Team News Riveting
Boston, December 9
Chinese government policies are forcing three out of every four Tibetan students into a vast network of colonial boarding schools, separating children as young as four from their parents, Tibet Action Institute revealed in a report.
The schools are a cornerstone of Xi Jinping’s campaign to supplant Tibetan identity with a homogenous Chinese identity in order to neutralize potential resistance to Chinese Communist Party (CCP) rule.
The report, “Separated From Their Families, Hidden From the World: China’s Vast System of Colonial Boarding Schools Inside Tibet,” finds that an estimated 800,000 to 900,000 Tibetan students aged six to 18, as well as an unknown number of four and five-year olds, are in these state-run schools. The schools function as sites for remolding children into Chinese nationals loyal to the CCP. Removed from their families and communities, students must study primarily in Chinese, are barred from practicing their religion, and are subjected to political indoctrination.
“By intentionally uprooting Tibetan children from their families and culture and making them live in state-run boarding schools, the Chinese authorities are using one of the most heinous tools of colonization to attack Tibetan identity,” said Lhadon Tethong, Director of Tibet Action Institute. “China’s unprecedented campaign of forced sinicization in Tibet targets even the youngest children and demands the urgent intervention of the United Nations and concerned governments.”

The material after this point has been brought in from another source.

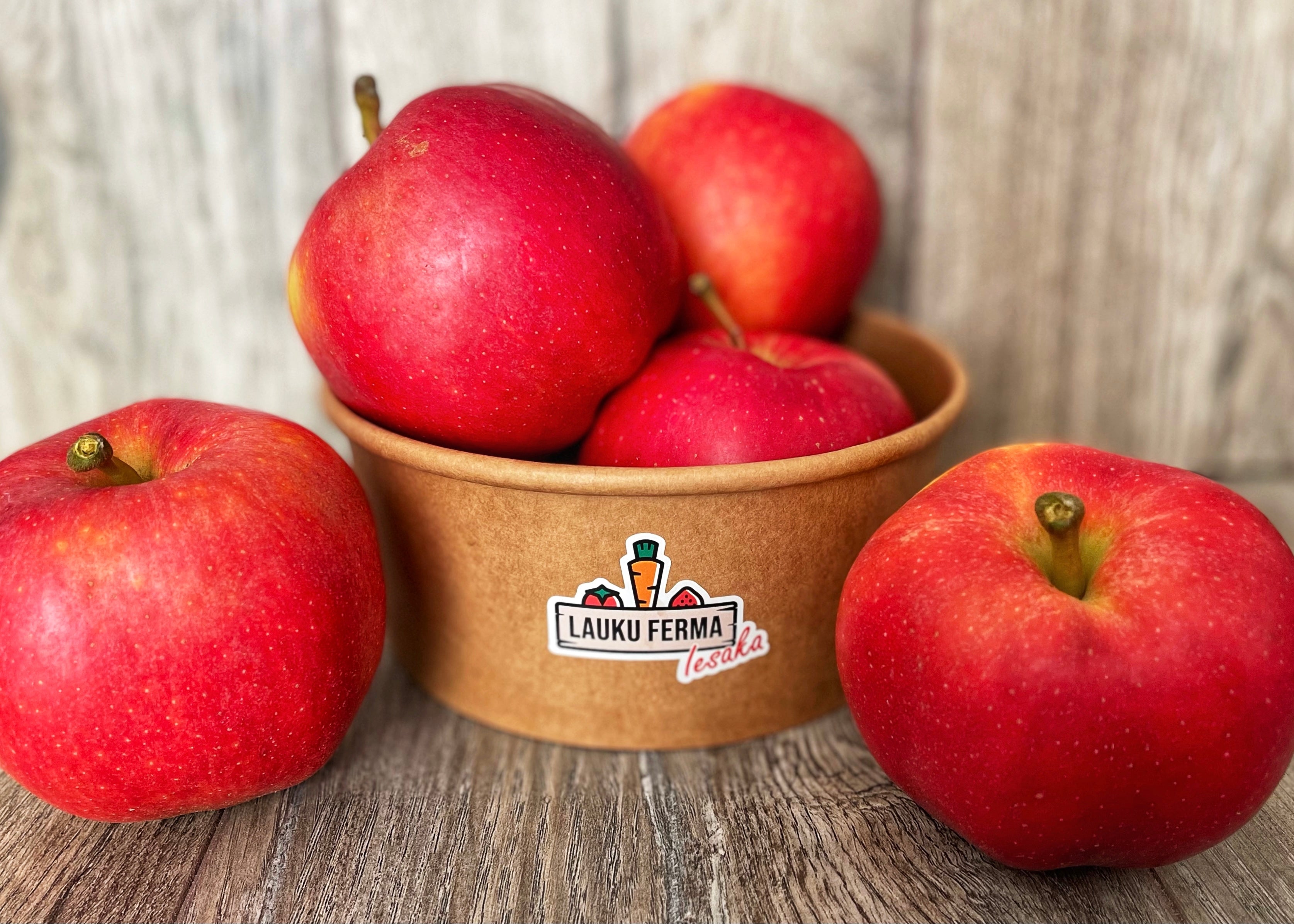 Āboli Royal Gala 🍎 [ 1 KG ]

Over the last decade, Chinese authorities have systematically eliminated local schools in Tibet and replaced them with centralized boarding schools, including for elementary-aged children. Monastery schools and other privately-run Tibetan schools have also been forced to close, leaving parents with no choice but to send their children away. In cases where parents try to resist, authorities use threats and intimidation to ensure compliance.

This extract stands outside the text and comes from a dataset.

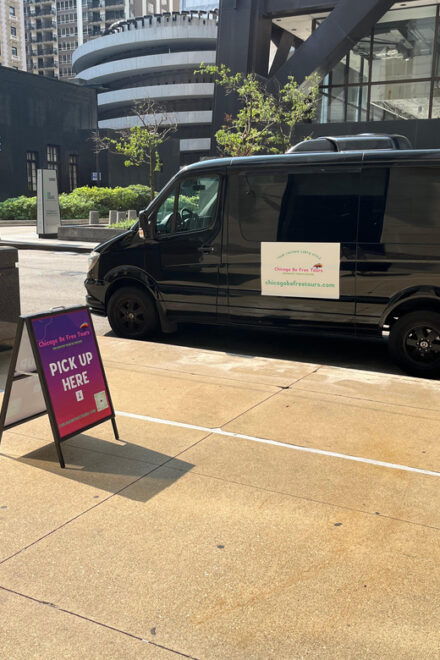 Tour Chicago LGBTQ+ Style - Meeting and Logistics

When parents in one village resisted sending their children to boarding school, they were visited multiple times by authorities. At one of these meetings, with police present, they were told: “…If we have to come back tomorrow, it won’t be good.…If you don’t listen [to us] we will squeeze [pressure] you one by one. That is easy for us to do….If you continue to choose not to acknowledge this policy and refuse to send your children to the schools, we will consider this to be a protest.…”
Researchers in Tibet and China have documented serious emotional and psychological harm to Tibetan students living in colonial boarding schools. Restrictions on access to Tibet make first-hand verification of current conditions impossible, but interviews with Tibetans abroad who attended earlier iterations of boarding school in Tibet paint a harrowing picture of children living in poor conditions, subjected to physical and sexual abuse, racism and discrimination, as well as political indoctrination.
The report draws on a range of primary and secondary sources, including first-hand accounts from inside Tibet that describe how China’s education policies affect the lived experience of Tibetans on the ground, statements from Tibetans in exile who are survivors of China’s colonial boarding school system, data collected from official sources, and scholars in Tibet, China and abroad.
“China claims to be educating Tibetan children, but the world knows what it looks like when children are pushed into residential schools run by a state that wants to wipe out their culture,” said Tethong. “Beijing must be pressed to respect the right of all Tibetan children to receive a high-quality mother-tongue education without being separated from their families, before any more irreparable harm is done.”